● Short web captions:
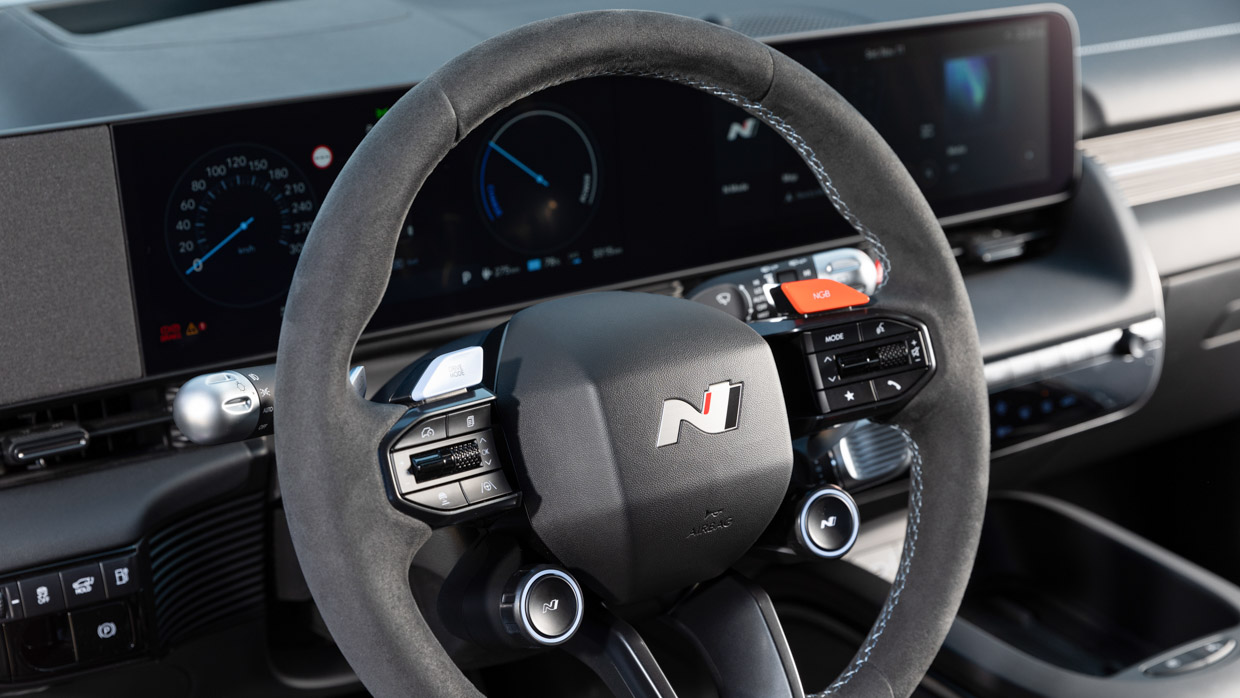 Hyundai Ioniq 5 N 2024 interior wheel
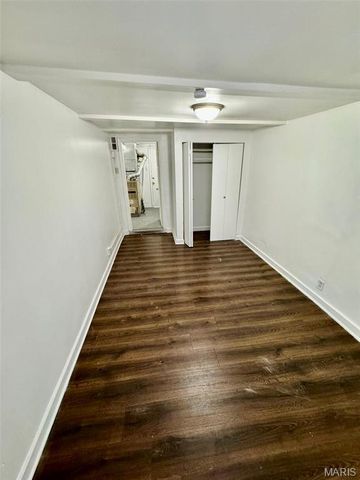 10132 Duke Drive, St Louis, MO 63136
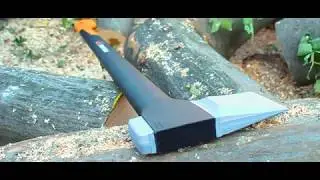 Axe Fiskars X27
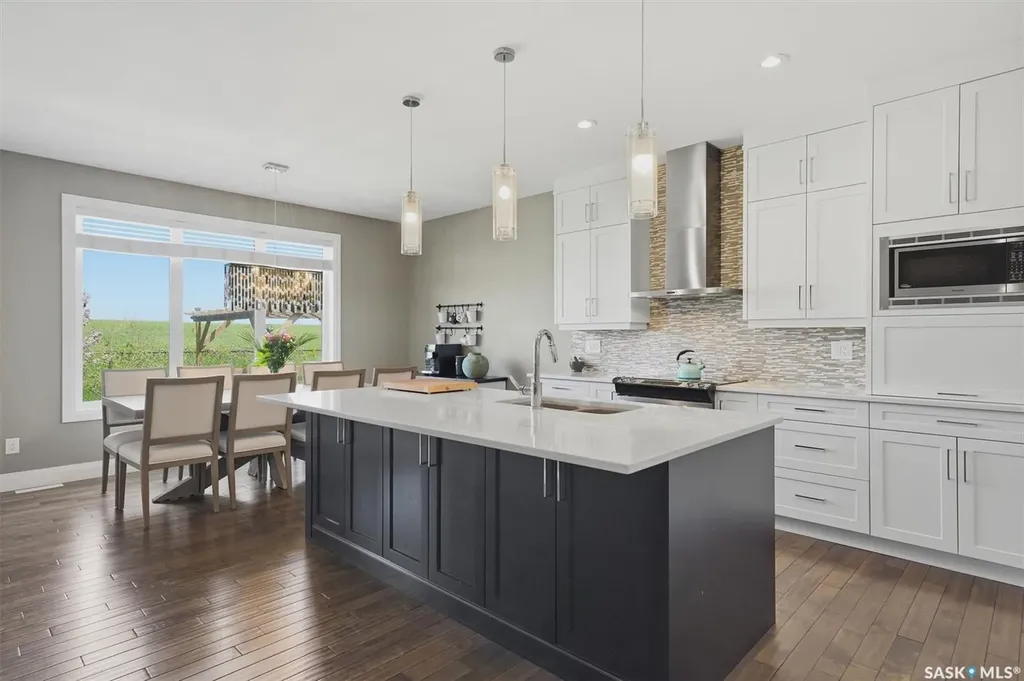 719 Salloum Crescent Saskatoon SK S7W 0N3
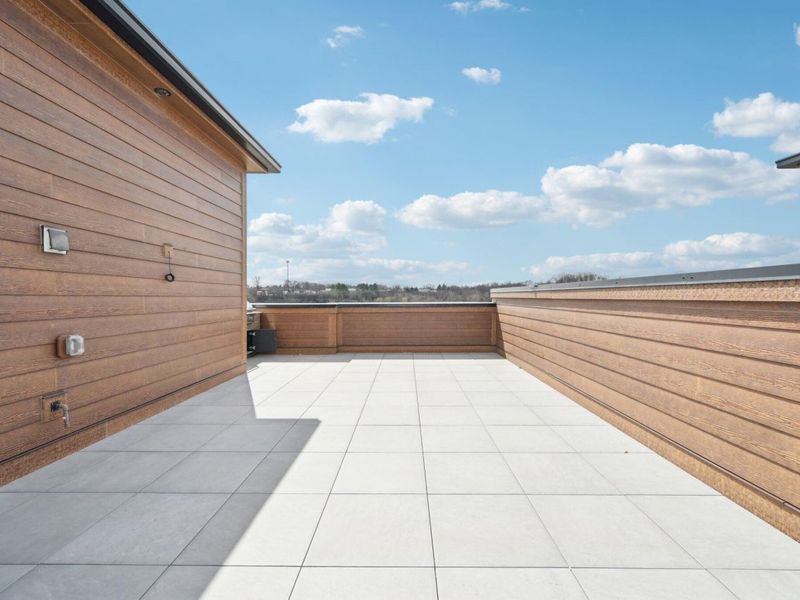 2252 Quarry Trails Drive , Columbus, OH 43228 Photo 2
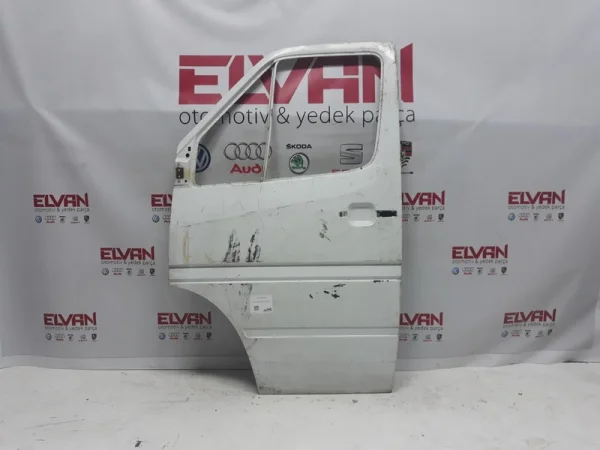7D0831055C | Sol Ön Kapı | VW Caravelle, Transporter VAG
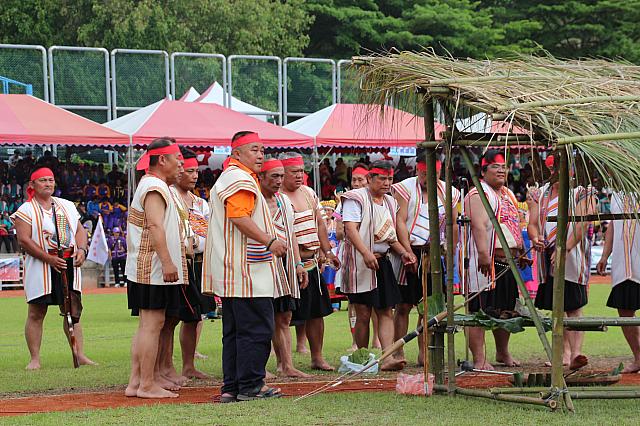 運動場中央で祈り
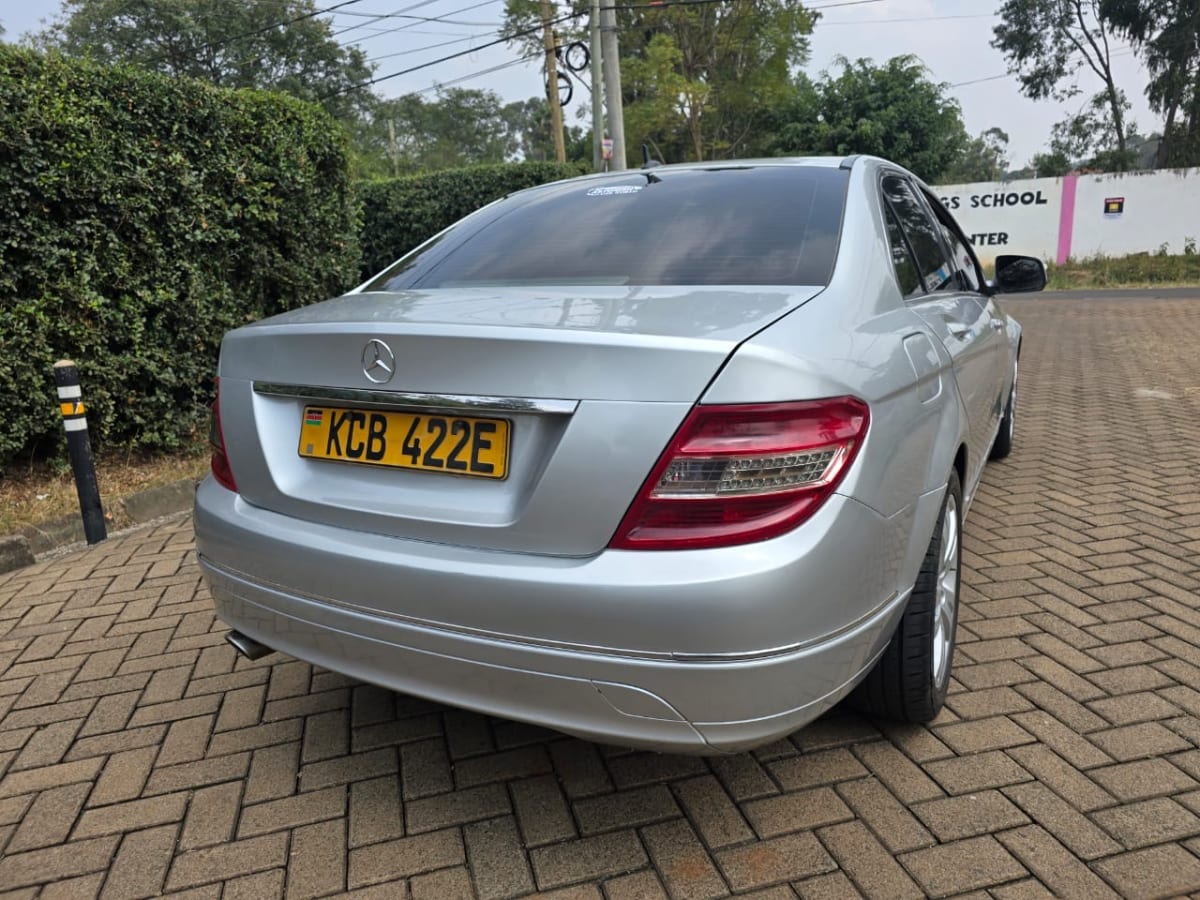 Mercedes Benz C200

● EXERCISE DESCRIPTION:
Set down the lines of the records above exactly, apart from the pictures.

● REPLY TO THE EXERCISE:
 Hyundai Ioniq 5 N 2024 interior wheel
 10132 Duke Drive, St Louis, MO 63136
 Axe Fiskars X27
 719 Salloum Crescent Saskatoon SK S7W 0N3
 2252 Quarry Trails Drive , Columbus, OH 43228 Photo 2
7D0831055C | Sol Ön Kapı | VW Caravelle, Transporter VAG
 運動場中央で祈り
 Mercedes Benz C200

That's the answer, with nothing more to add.